▼▼▼

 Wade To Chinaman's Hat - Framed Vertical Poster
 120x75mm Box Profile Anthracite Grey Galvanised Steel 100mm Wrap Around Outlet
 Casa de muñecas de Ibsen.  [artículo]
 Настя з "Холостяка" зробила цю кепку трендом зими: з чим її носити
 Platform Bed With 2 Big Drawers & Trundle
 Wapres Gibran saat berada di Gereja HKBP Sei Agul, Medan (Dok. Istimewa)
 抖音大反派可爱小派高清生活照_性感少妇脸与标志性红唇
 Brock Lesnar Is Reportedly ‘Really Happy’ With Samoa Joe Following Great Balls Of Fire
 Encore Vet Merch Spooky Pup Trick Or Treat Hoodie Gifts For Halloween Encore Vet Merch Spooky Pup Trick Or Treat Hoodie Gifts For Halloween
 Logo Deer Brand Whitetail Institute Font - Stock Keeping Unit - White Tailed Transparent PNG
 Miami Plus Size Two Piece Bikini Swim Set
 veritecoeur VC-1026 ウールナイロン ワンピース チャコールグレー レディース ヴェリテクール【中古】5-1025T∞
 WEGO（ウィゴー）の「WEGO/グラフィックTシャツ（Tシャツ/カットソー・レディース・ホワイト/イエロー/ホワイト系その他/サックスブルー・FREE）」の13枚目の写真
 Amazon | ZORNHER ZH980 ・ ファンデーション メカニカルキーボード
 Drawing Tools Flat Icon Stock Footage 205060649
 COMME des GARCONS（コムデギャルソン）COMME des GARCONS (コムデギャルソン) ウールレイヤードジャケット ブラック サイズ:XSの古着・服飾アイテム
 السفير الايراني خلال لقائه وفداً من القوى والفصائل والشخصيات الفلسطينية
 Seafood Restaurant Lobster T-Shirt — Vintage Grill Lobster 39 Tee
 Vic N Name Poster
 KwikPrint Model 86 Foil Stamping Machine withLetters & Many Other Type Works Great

▲▲▲

[Task goal] After the last line of the data, restate all the entries verbatim.

[Answer]
 Wade To Chinaman's Hat - Framed Vertical Poster
 120x75mm Box Profile Anthracite Grey Galvanised Steel 100mm Wrap Around Outlet
 Casa de muñecas de Ibsen.  [artículo]
 Настя з "Холостяка" зробила цю кепку трендом зими: з чим її носити
 Platform Bed With 2 Big Drawers & Trundle
 Wapres Gibran saat berada di Gereja HKBP Sei Agul, Medan (Dok. Istimewa)
 抖音大反派可爱小派高清生活照_性感少妇脸与标志性红唇
 Brock Lesnar Is Reportedly ‘Really Happy’ With Samoa Joe Following Great Balls Of Fire
 Encore Vet Merch Spooky Pup Trick Or Treat Hoodie Gifts For Halloween Encore Vet Merch Spooky Pup Trick Or Treat Hoodie Gifts For Halloween
 Logo Deer Brand Whitetail Institute Font - Stock Keeping Unit - White Tailed Transparent PNG
 Miami Plus Size Two Piece Bikini Swim Set
 veritecoeur VC-1026 ウールナイロン ワンピース チャコールグレー レディース ヴェリテクール【中古】5-1025T∞
 WEGO（ウィゴー）の「WEGO/グラフィックTシャツ（Tシャツ/カットソー・レディース・ホワイト/イエロー/ホワイト系その他/サックスブルー・FREE）」の13枚目の写真
 Amazon | ZORNHER ZH980 ・ ファンデーション メカニカルキーボード
 Drawing Tools Flat Icon Stock Footage 205060649
 COMME des GARCONS（コムデギャルソン）COMME des GARCONS (コムデギャルソン) ウールレイヤードジャケット ブラック サイズ:XSの古着・服飾アイテム
 السفير الايراني خلال لقائه وفداً من القوى والفصائل والشخصيات الفلسطينية
 Seafood Restaurant Lobster T-Shirt — Vintage Grill Lobster 39 Tee
 Vic N Name Poster
 KwikPrint Model 86 Foil Stamping Machine withLetters & Many Other Type Works Great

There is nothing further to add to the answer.